What does it meant by a "subsequential" work of salvation? Is speaking in tongues apart of the believer's salvation experience? What is the biblical basis in support of "second" blessings as it relates to the believer speaking in tongues? How is it apart of the cross of Christ in dying for the sins of the world? Is the Pentecostal "baptism" of the Spirit included in the resurrection and ascension of Christ? Is salvation a means of works whereby the believer is responsible in maintaining one's own salvation?
The "subsequential" work of salvation or "second blessing" is that of speaking in tongues following that of the believer's salvation experience by which they must "tarry" for the "gift" of the Holy Ghost. But does the Bible teach it? There are many Charismatics and Pentecostal who utilize as their proof text Acts 1:5, 6-8; 2:1, 4 to support the fact that unless a person "speak" in tongues that they are not saved. Salvation is a free gift of God without any human works or merits. It is impossible for legalist in the professing church today to accept the fact that salvation is a free gift whereby the cross of Christ secures that of the believer's salvation experience. Speaking in tongues or "tarrying" for the Holy Spirit with the evidence of "speaking in tongues" or having such "power" is not apart of the cross of Christ. The idea that the Pentecostal experience of the "baptism" of the Holy Spirit follows that of a person being saved is foreign to the biblical context of scripture no matter what many Charismatic leadership will have the church to believe.
Christ's death on the cross provided salvation for those who place their trust in Christ in order to be saved (Rom. 10:9-10). Salvation is by grace alone, through faith alone, through Christ alone without any human works and accomplishments (Eph. 2:8-9). The Pentecostal "baptism" of the Spirit is not included in the resurrection and ascension of Christ, but that of the believer's new life in Christ whereby the dead in Christ will experience such bodily resurrection as to appear in glory (1 Cor. 15:1-4).
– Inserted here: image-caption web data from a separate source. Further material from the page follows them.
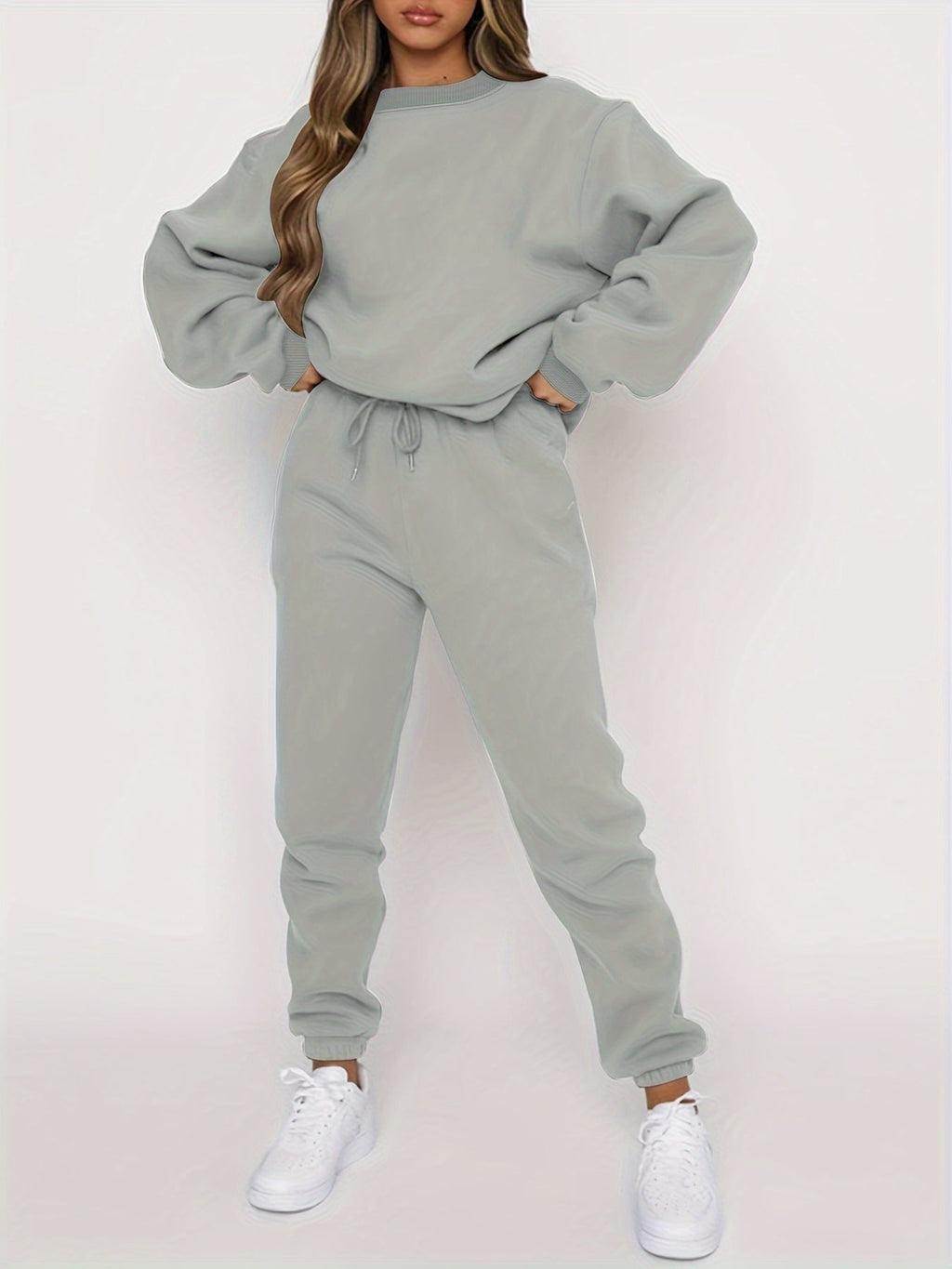 Femme portant un ensemble de survêtement gris, composé d'un sweat ample et d'un pantalon ajusté, avec des baskets blanches. Mode décontractée tendance.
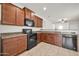 Spacious kitchen with granite countertops and dark wood cabinets at 22424 W La Pasada Blvd, Buckeye, AZ 85326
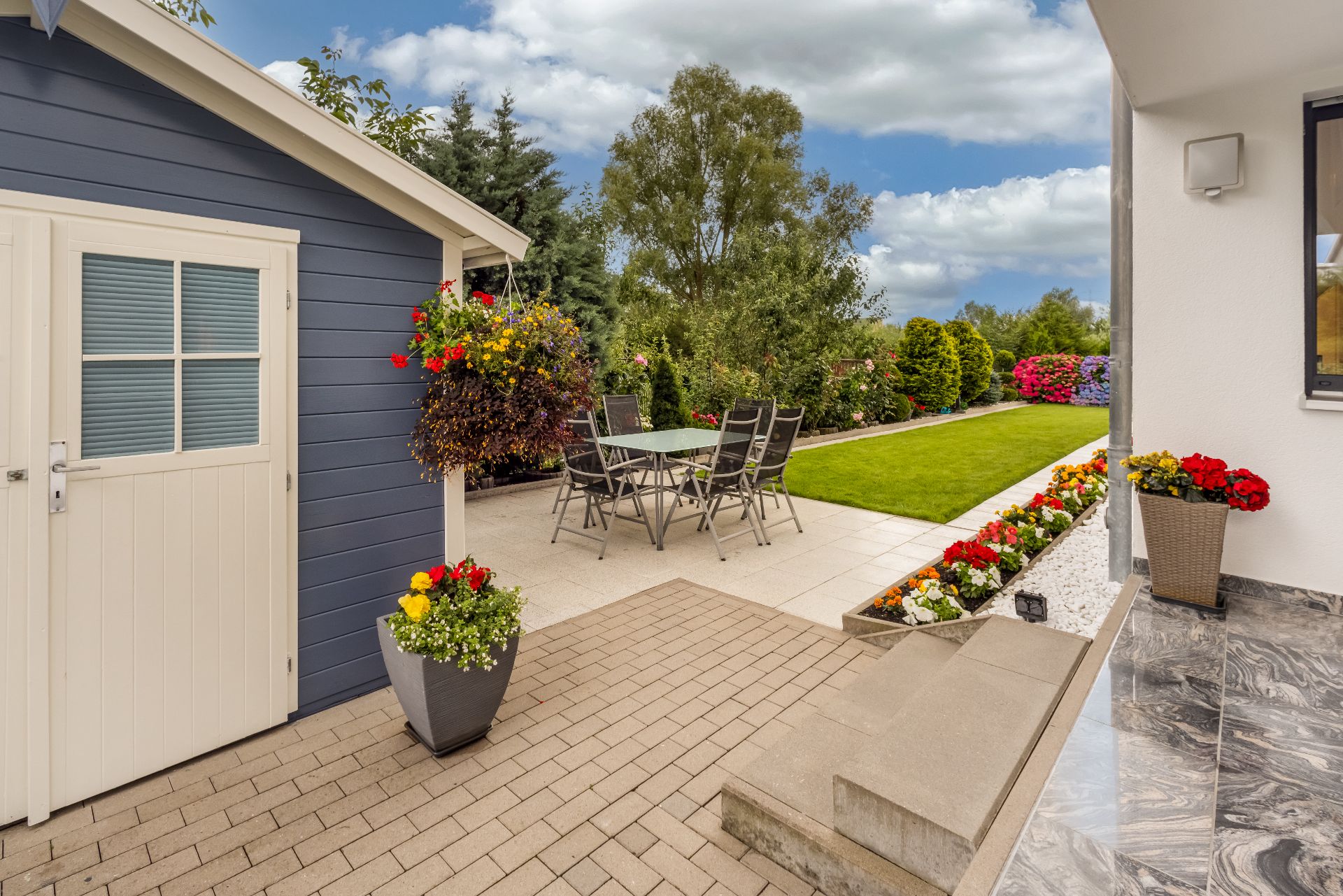 Gepflegter Garten mit Terrasse, Gartenhaus, Sitzgruppe und vielen bunten Blumen.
Last, there are many believers who are taught that they are responsible in maintaining their salvation or to work out their salvation with fear and trembling by which Christ's secures the salvation of the believer. Their is the assurance and security of the believer's salvation based upon the finished work of Christ on the cross. Sin does not affect a person's salvation, but it affects one's own fellowship (1 Jn. 1:9). To teach living "free" from sin is to deceive one's own self (1 Jn. 1:8). Legalism, perfectionism, moral plank, and sacrilegious is the hallmark of apostasy (1 Tim. 4:1).